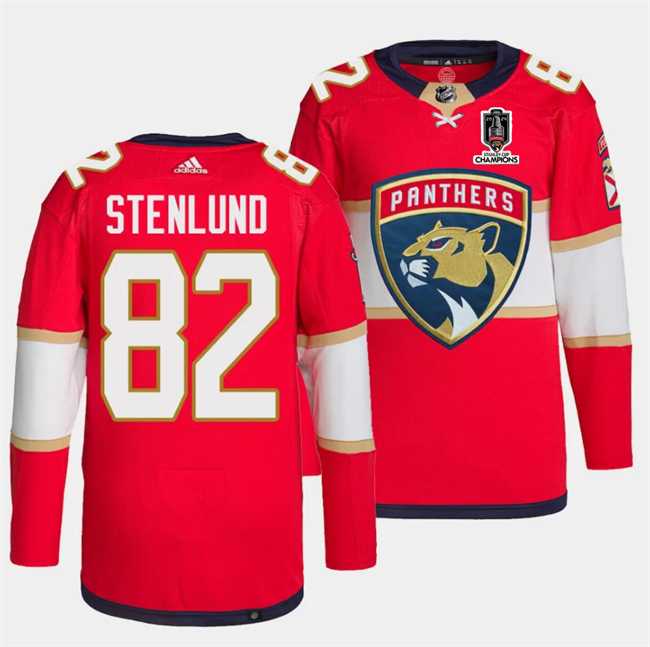 Mens Florida Panthers #82 Kevin Stenlund Red Home 2024 Stanley Cup Champions Stitched Jersey Dzhi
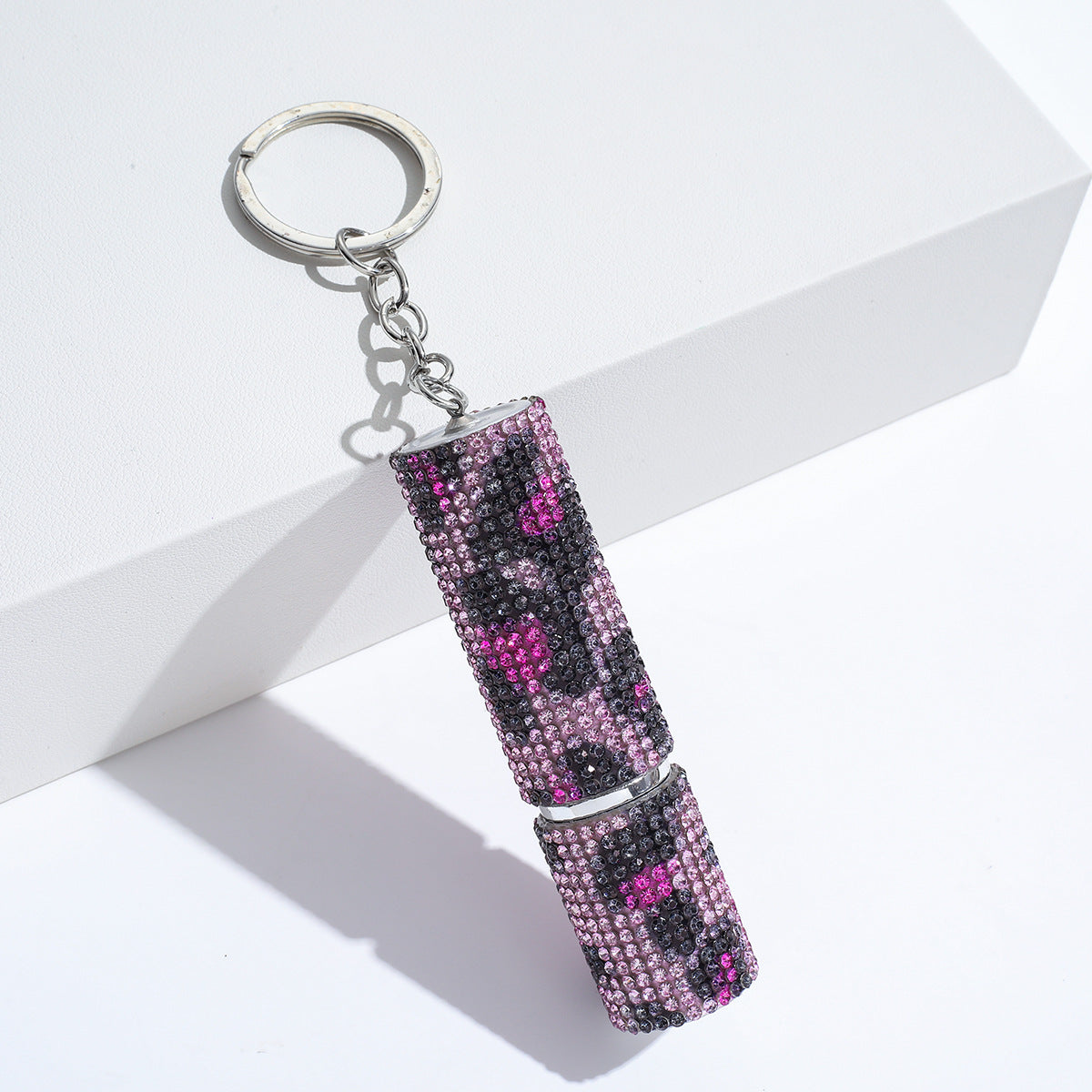 Wholesale colorful leopard print rhinestone perfume bottle portable multifunctional alloy keychain ACC-KC-ZhiYa003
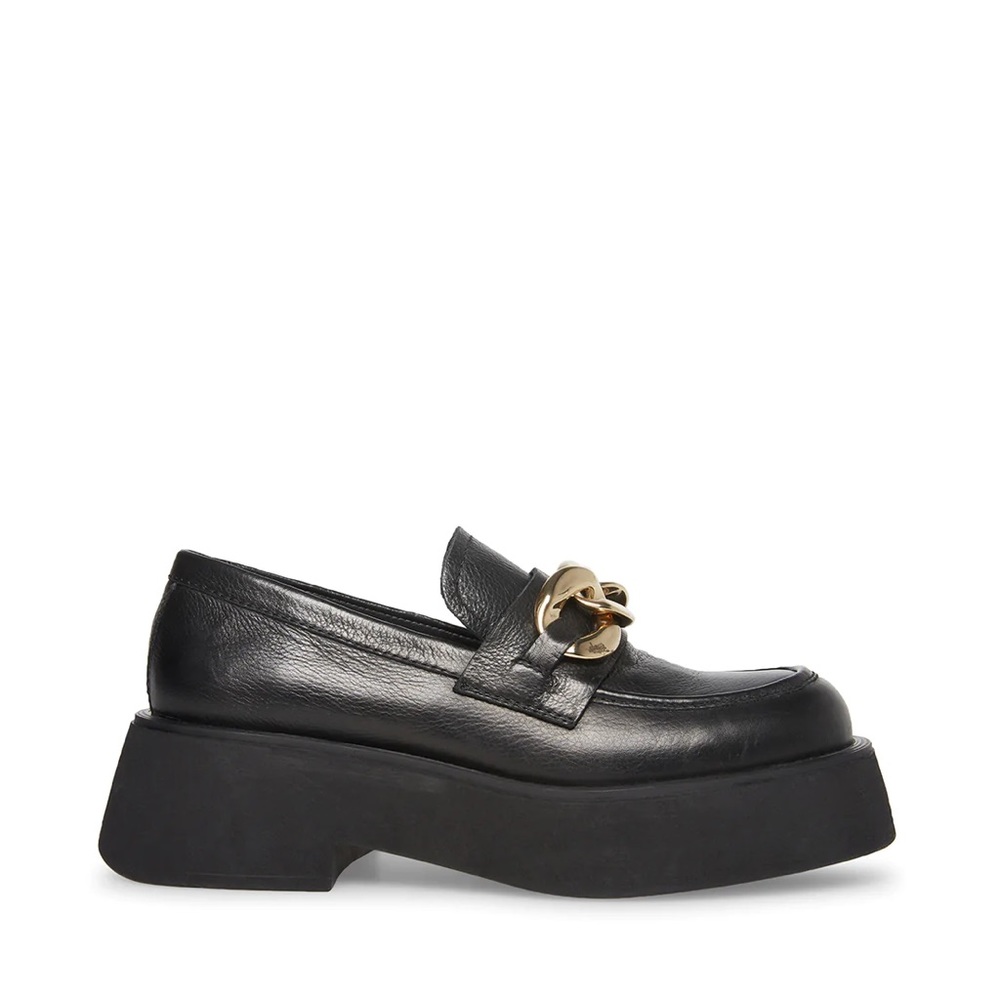 NWT Steve Madden Black Leather Harbor Loafers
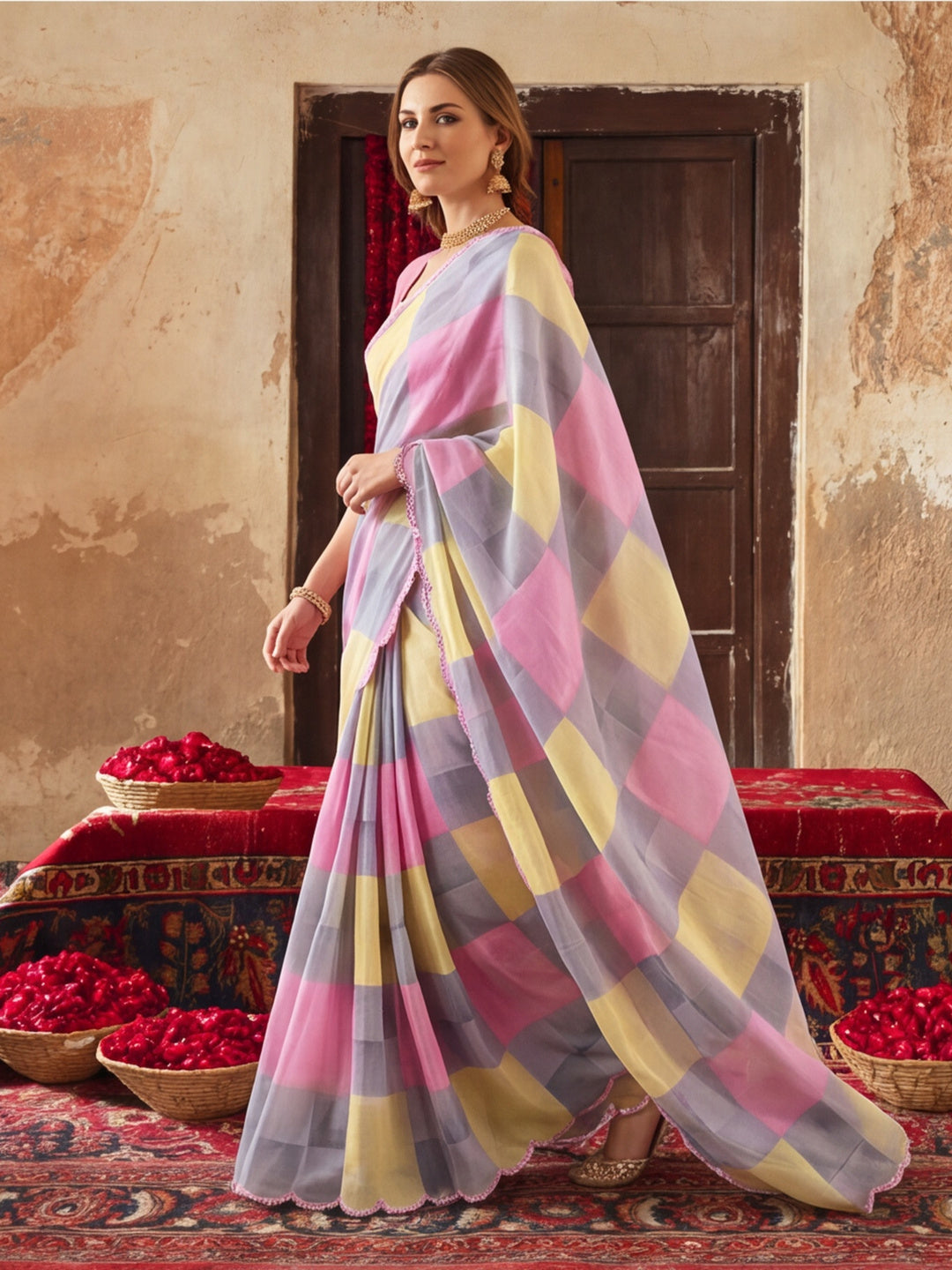 Women Lightweight Printed Beautiful Mirror Work Border Saree With Unstitched Blouse Piece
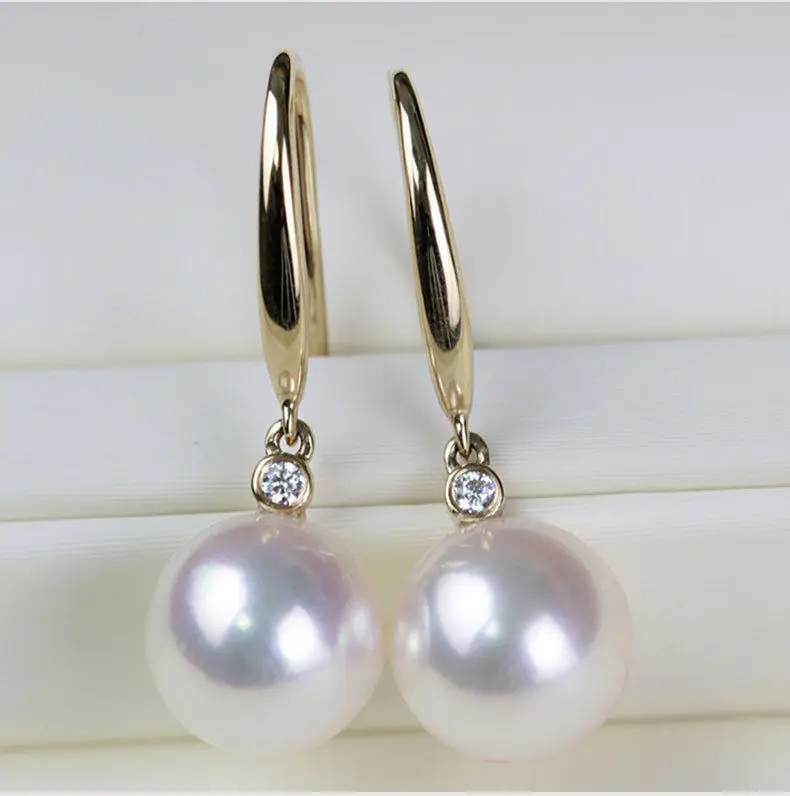 

free shipping gorgeous pair of 11-12mm south sea white pearl earring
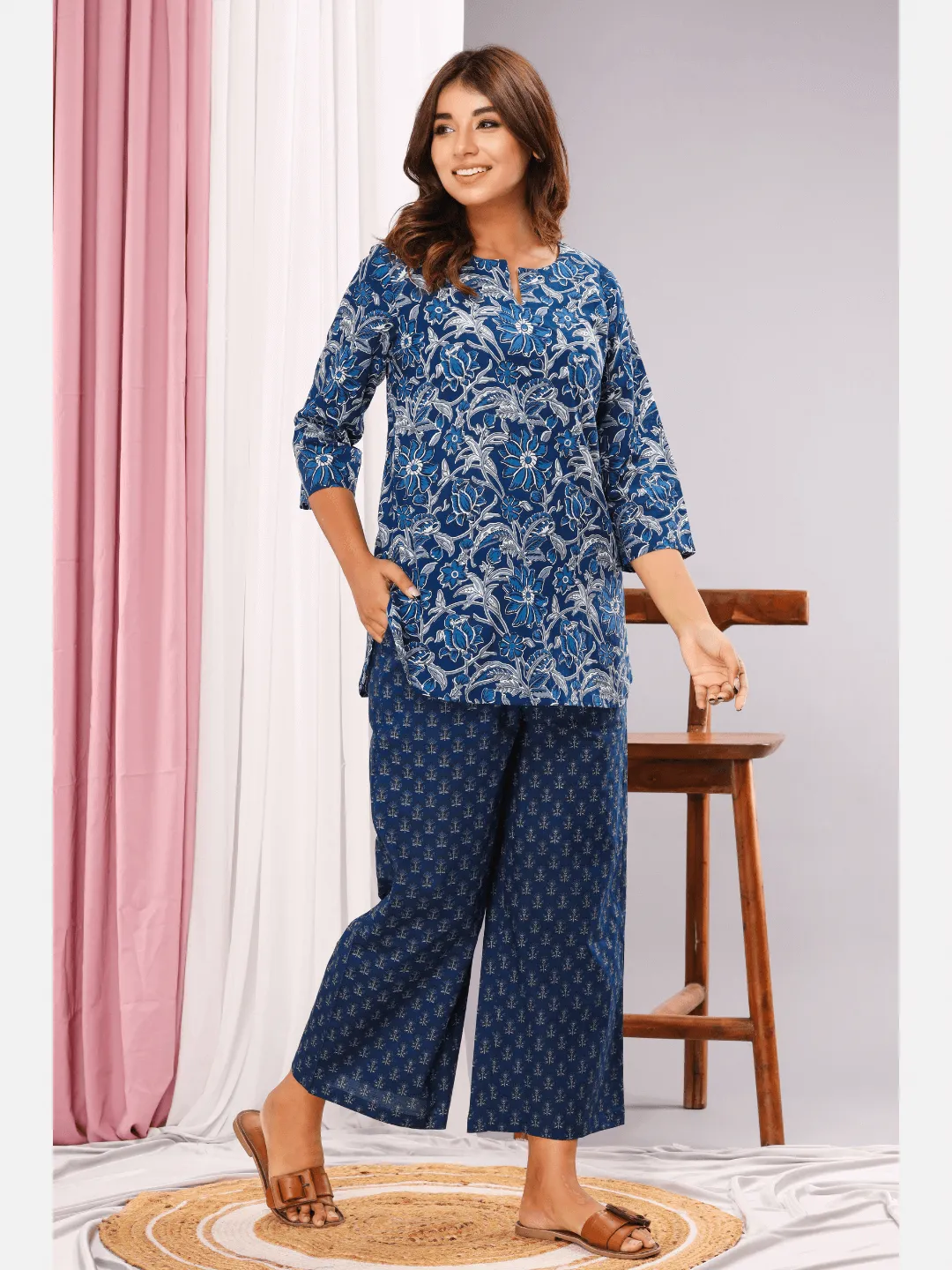 Space Blue Cotton Loungewear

==============================

> **To do**
Wherever the listing shows a picture, omit it and output the rest exactly as given.

> **Output of the exercise**
 Mens Florida Panthers #82 Kevin Stenlund Red Home 2024 Stanley Cup Champions Stitched Jersey Dzhi
 Wholesale colorful leopard print rhinestone perfume bottle portable multifunctional alloy keychain ACC-KC-ZhiYa003
 NWT Steve Madden Black Leather Harbor Loafers
 Women Lightweight Printed Beautiful Mirror Work Border Saree With Unstitched Blouse Piece

free shipping gorgeous pair of 11-12mm south sea white pearl earring
 Space Blue Cotton Loungewear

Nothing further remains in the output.